Input data START

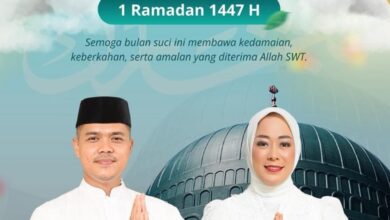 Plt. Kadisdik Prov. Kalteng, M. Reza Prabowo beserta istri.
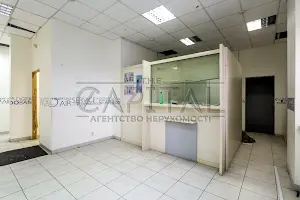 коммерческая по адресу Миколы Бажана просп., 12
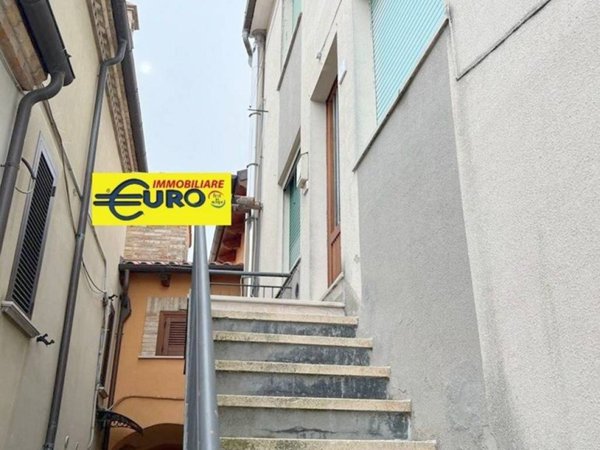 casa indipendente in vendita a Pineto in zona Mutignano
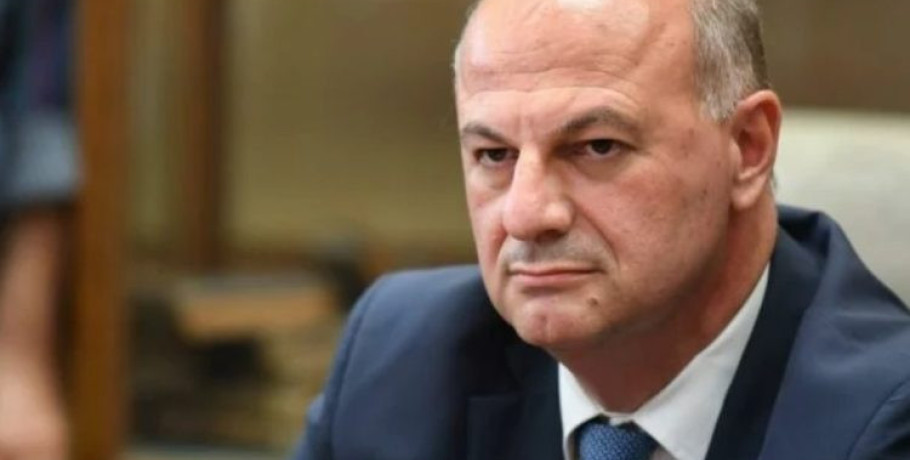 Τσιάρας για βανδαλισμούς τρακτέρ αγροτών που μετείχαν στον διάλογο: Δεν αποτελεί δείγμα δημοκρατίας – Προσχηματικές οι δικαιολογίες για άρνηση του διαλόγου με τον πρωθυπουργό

Input data END
Input data START

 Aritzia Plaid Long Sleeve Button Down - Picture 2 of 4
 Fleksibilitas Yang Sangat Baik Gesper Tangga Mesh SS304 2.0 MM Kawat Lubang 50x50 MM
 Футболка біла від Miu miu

Input data END
Input data START

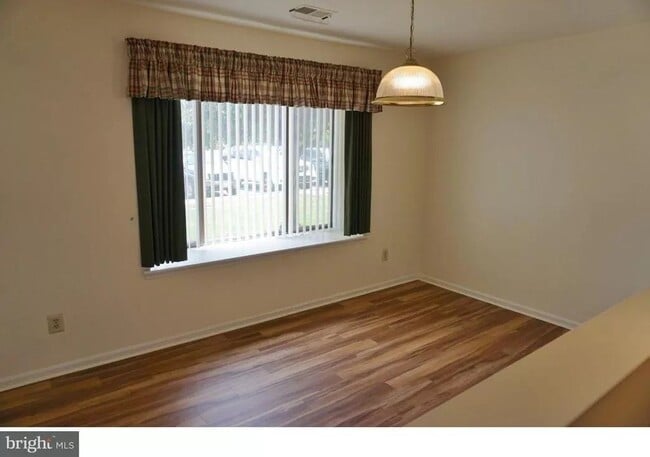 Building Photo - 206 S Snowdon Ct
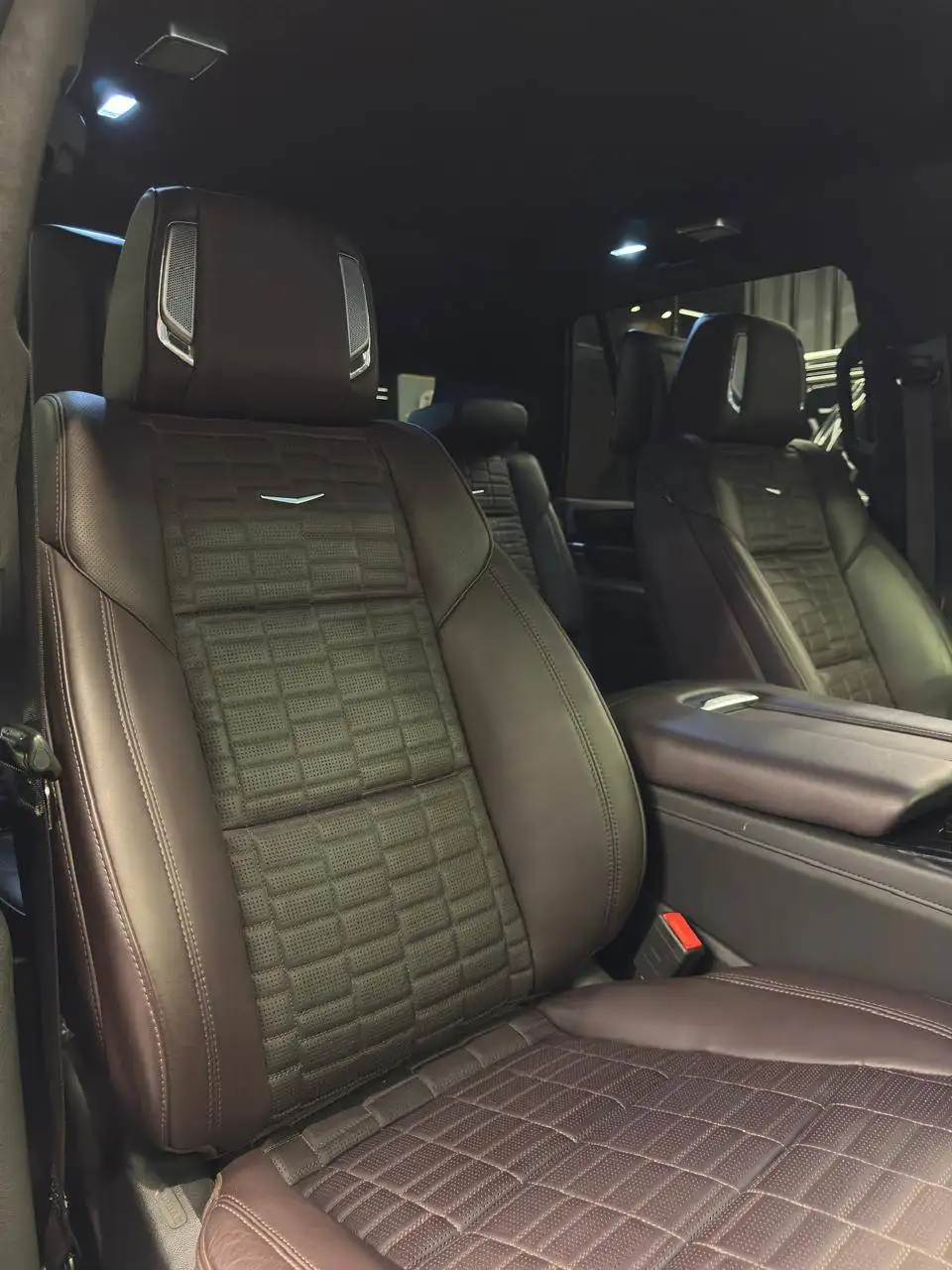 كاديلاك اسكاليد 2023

Input data END

* **Your instructions**:
Reproduce, word for word, everything in the listing above from the line containing "Plt. Kadisdik Prov." down to the line containing "Τσιάρας για βανδαλισμούς", both of them included. No pictures.

* **Output for this exercise**:
 Plt. Kadisdik Prov. Kalteng, M. Reza Prabowo beserta istri.
 коммерческая по адресу Миколы Бажана просп., 12
 casa indipendente in vendita a Pineto in zona Mutignano
 Τσιάρας για βανδαλισμούς τρακτέρ αγροτών που μετείχαν στον διάλογο: Δεν αποτελεί δείγμα δημοκρατίας – Προσχηματικές οι δικαιολογίες για άρνηση του διαλόγου με τον πρωθυπουργό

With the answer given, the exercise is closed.